The SJC remanded the case to the Probate Court for a
determination as to whether the executor was entitled to an award
of attorney's fees, and, if so, with the instruction that the
Probate Court analyze whether the requested fees are fair and
reasonable.
In Re: Guardianship of Kenneth E.
Simon
In the matter of In re Guardianship of Kenneth E.
Simon,10 the Barnstable Probate Court issued
detailed findings of fact and conclusions of law concerning
excessive fees - about $500,000 - charged by a guardian and his
counsel in connection with a guardianship lasting only about 83
days. The case involved a rather sordid tale of a former mutual
fund manager, Kenneth Simon, and his much younger wife, who had
served jail time for running a prostitution ring. The thrust of the
saga was the guardian's apparent allegiance to Simon's children,
who disapproved of the wife, and the guardian's apparently
obsessive campaign to alienate and even imprison Simon's wife.
Because Simon lacked legal capacity, attorney E. James Veara was
appointed guardian. Simon's assets at the commencement of the
guardianship totaled about $4.5 million. Veara's efforts to bilk
the estate and conflicts of interest began immediately when Veara
increased his customary rate of $100 to $300 per hour to $400 per
hour and hired a significant referral source, attorney Gerald
Nissenbaum, as his personal counsel.
The matter was brought before the Probate Court on Simon's
children's challenge to Veara's accounts. In the lengthy
proceedings, Veara and Nissenbaum's fees and tactics were
scrutinized.
After trial, the Probate Court chastised Veara for billing in
quarter-hour increments, for his poor recordkeeping and for not
having a fee agreement with Nissenbaum. The Probate Court
emphasized disapprovingly that Veara and Nissenbaum kept large
retainers of $50,000 and $25,000 to $35,000 respectively.

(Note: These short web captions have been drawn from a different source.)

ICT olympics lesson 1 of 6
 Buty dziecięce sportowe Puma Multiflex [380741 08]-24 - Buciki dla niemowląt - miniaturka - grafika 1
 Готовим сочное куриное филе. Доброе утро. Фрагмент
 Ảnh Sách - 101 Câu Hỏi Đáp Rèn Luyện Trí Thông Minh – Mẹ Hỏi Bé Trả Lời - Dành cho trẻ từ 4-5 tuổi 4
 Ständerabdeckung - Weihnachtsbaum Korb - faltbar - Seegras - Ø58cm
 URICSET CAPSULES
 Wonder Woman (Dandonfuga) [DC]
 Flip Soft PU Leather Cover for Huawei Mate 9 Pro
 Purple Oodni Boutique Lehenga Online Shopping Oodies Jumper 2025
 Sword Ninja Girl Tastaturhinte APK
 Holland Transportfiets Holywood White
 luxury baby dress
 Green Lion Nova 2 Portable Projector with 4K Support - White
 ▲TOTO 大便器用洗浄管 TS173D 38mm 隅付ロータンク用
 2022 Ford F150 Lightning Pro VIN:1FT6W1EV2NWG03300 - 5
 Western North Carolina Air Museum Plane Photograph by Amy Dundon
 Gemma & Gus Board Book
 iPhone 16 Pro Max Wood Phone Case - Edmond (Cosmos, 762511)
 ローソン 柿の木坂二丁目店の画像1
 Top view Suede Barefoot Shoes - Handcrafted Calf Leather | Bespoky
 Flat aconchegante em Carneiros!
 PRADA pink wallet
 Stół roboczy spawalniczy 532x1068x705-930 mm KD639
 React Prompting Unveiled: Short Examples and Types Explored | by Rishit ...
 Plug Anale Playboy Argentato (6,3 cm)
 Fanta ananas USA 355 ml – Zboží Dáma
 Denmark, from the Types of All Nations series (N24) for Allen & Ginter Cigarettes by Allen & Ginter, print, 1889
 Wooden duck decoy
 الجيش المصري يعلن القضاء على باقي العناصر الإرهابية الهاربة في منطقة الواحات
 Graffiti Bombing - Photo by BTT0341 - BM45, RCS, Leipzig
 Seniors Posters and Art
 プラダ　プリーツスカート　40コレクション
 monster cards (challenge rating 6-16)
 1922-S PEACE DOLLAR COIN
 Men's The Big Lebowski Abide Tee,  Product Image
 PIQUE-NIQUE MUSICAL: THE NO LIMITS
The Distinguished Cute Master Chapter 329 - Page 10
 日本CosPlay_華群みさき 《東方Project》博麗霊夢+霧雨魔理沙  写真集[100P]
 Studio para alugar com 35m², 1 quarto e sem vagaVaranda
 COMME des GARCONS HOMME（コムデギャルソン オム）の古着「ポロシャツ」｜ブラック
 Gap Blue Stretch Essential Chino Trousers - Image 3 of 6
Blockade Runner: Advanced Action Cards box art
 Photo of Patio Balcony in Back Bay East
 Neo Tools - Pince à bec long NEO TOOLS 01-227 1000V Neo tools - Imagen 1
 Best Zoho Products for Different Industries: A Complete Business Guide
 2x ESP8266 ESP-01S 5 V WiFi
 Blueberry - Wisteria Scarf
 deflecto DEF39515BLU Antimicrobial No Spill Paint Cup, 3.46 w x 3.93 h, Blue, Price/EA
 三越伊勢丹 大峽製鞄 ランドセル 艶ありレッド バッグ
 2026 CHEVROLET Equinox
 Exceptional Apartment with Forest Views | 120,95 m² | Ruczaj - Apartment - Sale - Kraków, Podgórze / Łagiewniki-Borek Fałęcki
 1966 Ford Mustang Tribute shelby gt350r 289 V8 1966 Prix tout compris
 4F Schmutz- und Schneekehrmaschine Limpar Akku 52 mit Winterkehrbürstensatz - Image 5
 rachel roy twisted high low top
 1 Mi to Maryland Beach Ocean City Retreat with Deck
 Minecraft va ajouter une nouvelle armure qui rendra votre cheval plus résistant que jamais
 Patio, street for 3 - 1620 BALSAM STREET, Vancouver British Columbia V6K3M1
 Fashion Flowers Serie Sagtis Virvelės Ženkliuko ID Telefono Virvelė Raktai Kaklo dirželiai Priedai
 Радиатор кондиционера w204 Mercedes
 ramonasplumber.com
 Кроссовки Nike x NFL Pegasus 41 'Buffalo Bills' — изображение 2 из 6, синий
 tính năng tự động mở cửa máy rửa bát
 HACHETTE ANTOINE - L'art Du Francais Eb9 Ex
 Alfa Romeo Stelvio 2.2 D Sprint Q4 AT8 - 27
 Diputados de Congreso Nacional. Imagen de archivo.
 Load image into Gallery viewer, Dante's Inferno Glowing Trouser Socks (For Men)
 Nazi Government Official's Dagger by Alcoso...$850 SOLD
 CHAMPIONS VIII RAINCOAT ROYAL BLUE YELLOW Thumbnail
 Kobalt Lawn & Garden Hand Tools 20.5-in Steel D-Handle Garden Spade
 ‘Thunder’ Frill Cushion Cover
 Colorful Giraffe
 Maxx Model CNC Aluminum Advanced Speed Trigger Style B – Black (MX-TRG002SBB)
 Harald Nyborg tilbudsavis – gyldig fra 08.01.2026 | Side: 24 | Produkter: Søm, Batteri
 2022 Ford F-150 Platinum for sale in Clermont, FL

The Probate Court also made many finding that suggested that
Veara and Nissenbaum did not act objectively or in the ward's best
interests. The Probate Court stressed that Veara did not meet with
Simon immediately after his appointment and questioned Veara's
motives in waiving Simon's attorney-client privilege. The Probate
Court found that Nissenbaum improperly represented both the
guardian as well as Simon's children. The Probate Court also
lambasted Veara and Nissenbaum for putting pressure on Simon's wife
to leave Simon for money as well as tactics orchestrated to put her
in jail, including paying $20,000 to hire a private investigator to
follow her. Veara improperly tried to revoke Simon's will, change
his estate plan and even attempted to file for a divorce and an
annulment.
The Probate Court criticized Veara and Nissenbaum for filing
numerous frivolous pleadings and their general contentious conduct.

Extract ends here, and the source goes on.